Osman MÜFTÜOĞLU
ÇIKARSA NASIL ÇIKAR?
İnsan ömrünün 150 yıla yaklaşması, tek bir mucize ilaçla ya da tek bir genetik keşifle olmayacaktır. Bu artış ancak yaşlanmanın biyolojik süreçlerinin aynı anda birden fazla noktadan yavaşlatılmasıyla mümkün olabilir.
Bilim dünyası bugün yaşlanmayı “zamanın geçmesi” olarak değil, onarım mekanizmalarının yavaşlaması olarak tanımlıyor. Eğer hücresel onarım hızını koruyabilirsek, hasar birikimini geciktirebilirsek ve metabolik dengeyi uzun süre sürdürebilirsek, takvim yaşı anlamını büyük ölçüde yitirir.
Bu senaryoda belirleyici olan başlıklar nettir. Hücre içi enerji üretiminin korunması, mitokondrilerin genç kalması, kronik inflamasyonun baskılanması, epigenetik yaşın yavaşlatılması ve bağışıklık sisteminin tükenmemesi. Bunlara ek olarak yapay zekâ destekli erken teşhis, kişiye özel beslenme ve ilaçlama, hasar oluşmadan müdahale eden “önleyici tıp” modelleri devreye girerse, insan ömrü bugünkü sınırlarının çok ötesine kayabilir.
Yani 150 yıl, “ölümü geciktirmekten” çok, bozulmayı yavaşlatmakla mümkün olabilir.
ÇIKMAZSA NEDEN?
Ömrün 150 yıla çıkmamasının en büyük nedeni biyolojinin tek bir sistem gibi davranmamasıdır. İnsan bedeni, onlarca farklı yaşlanma saatinin aynı anda çalıştığı karmaşık bir organizmadır.

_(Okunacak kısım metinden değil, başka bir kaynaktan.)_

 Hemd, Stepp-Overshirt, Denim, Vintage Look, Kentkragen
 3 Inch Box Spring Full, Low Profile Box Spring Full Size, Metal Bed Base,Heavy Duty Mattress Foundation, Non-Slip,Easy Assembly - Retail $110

Kalp, beyin, bağışıklık sistemi, kas–iskelet sistemi ve hormon ekseni aynı hızda yaşlanmaz. Bir sistemi ne kadar yavaşlatırsanız yavaşlatın, başka bir sistem sizi sınırlayabilir.

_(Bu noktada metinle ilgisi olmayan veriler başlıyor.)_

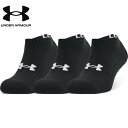 【UNDER ARMOUR】アンダーアーマー 1363241-001 UAコア ノーショー ソックス (3足セット)[Black/Black/White][靴下/くつ下/くつした/ソ..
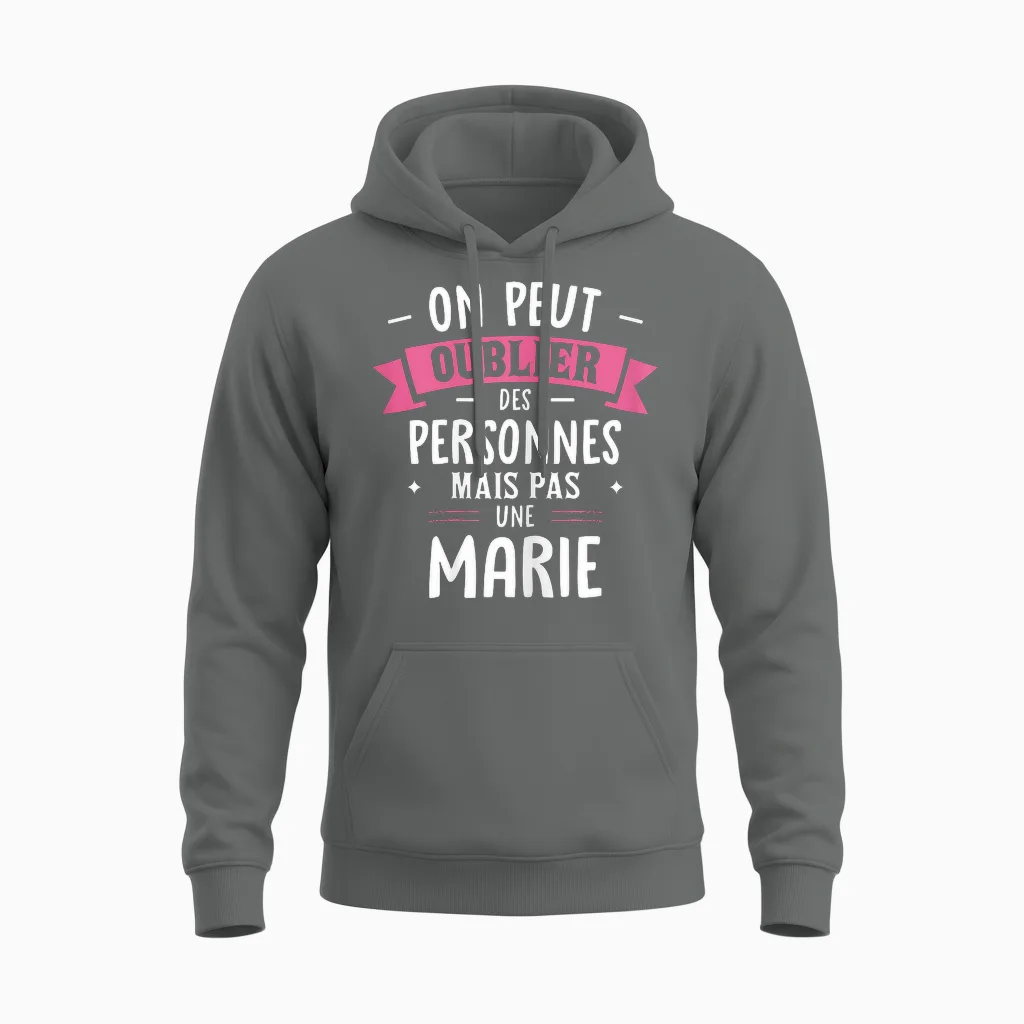 Woman Humour Girlfriend Personalized Gift Bff First Name Marie Unisex Hoodie in Graphite Heather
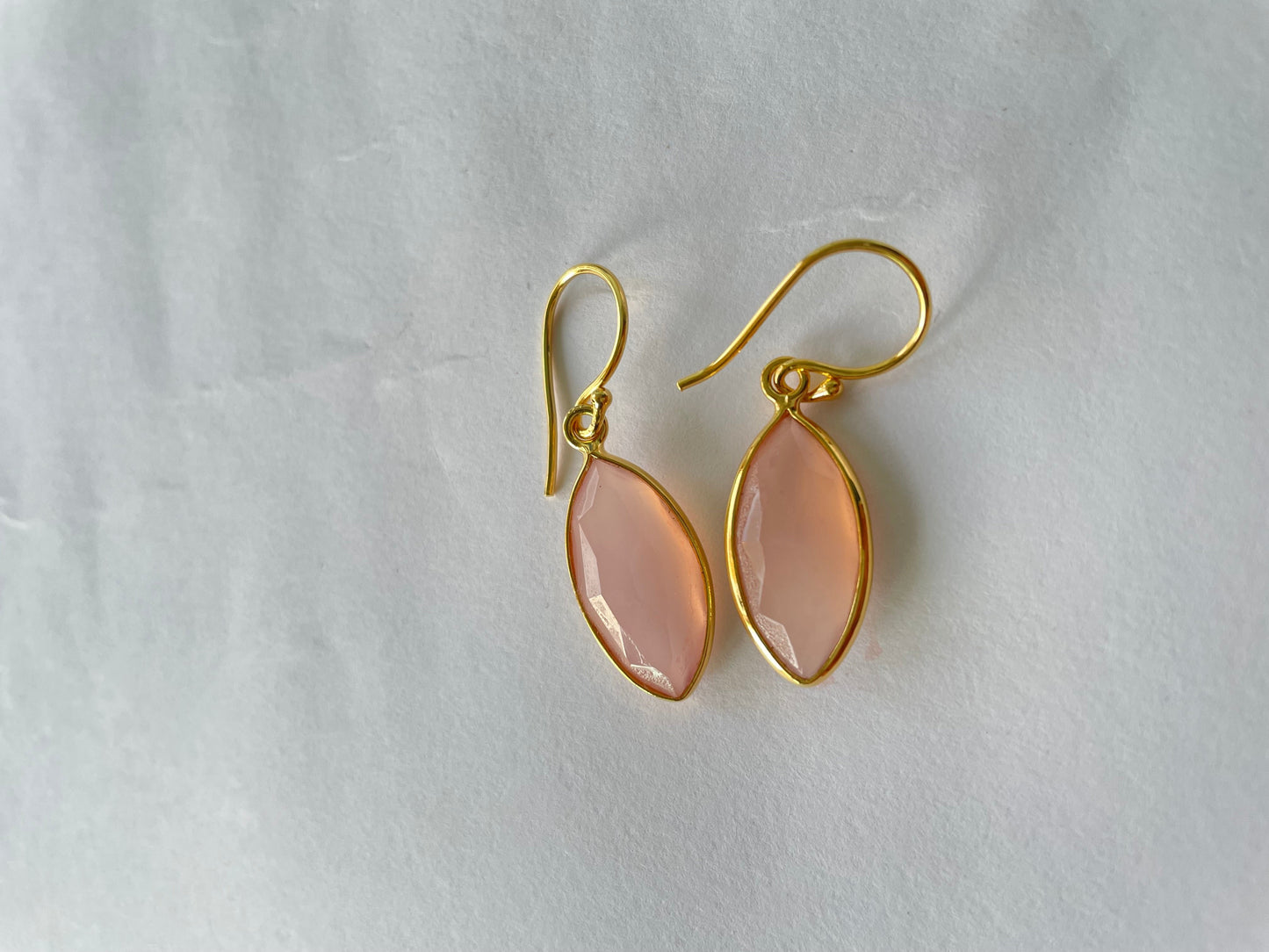 Rose Chalcedony Simple Drop Earrings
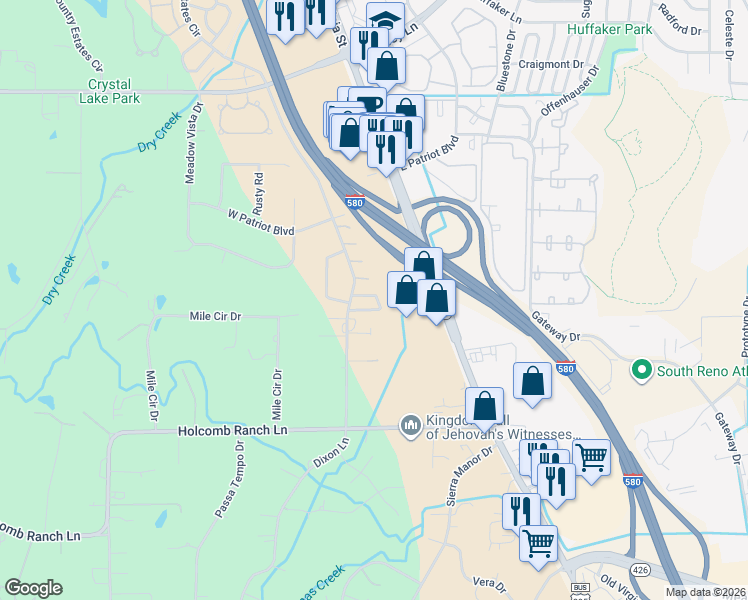 map of restaurants, bars, coffee shops, grocery stores, and more near 483 Len Circle in Reno
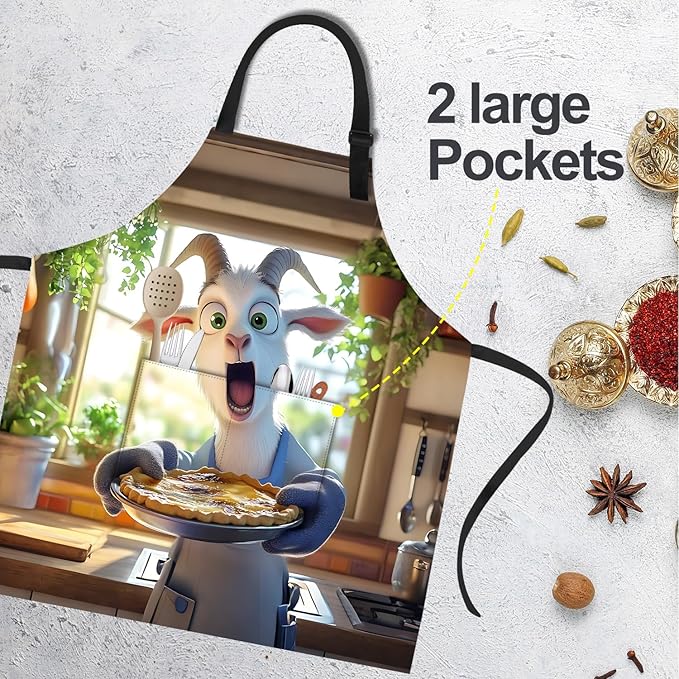Funny Cat Apron with 2 Pockets Waterproof for Men Women Kitchen Garden Decor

Bir diğer sınır, evrimsel biyolojidir. İnsan bedeni, doğası gereği “çok uzun süre kusursuz çalışmak” için değil, üremeyi ve türün devamını sağlamak için programlanmıştır. Bu programı tamamen yeniden yazmak, bugünkü bilimle hâlâ zordur.
Ayrıca sosyal, çevresel ve psikolojik faktörler de biyolojinin önüne geçer. Stres, yalnızlık, amaç kaybı ve çevresel toksinler, en gelişmiş tedavilere rağmen yaşlanmayı hızlandırabilir. Yani biyoloji izin verse bile, yaşam koşulları buna engel olabilir.
Bu nedenle birçok bilim insanı, teorik olarak mümkün olsa bile, ortalama insan ömrünün 150 yıla ulaşmasının kısa vadede zor olduğunu düşünür.
ÇIKINCA RİSKLER NELER?
Asıl kritik soru burada başlar. Diyelim ki ömür 150 yıla çıktı. Peki bu nasıl bir 150 yıl olacak?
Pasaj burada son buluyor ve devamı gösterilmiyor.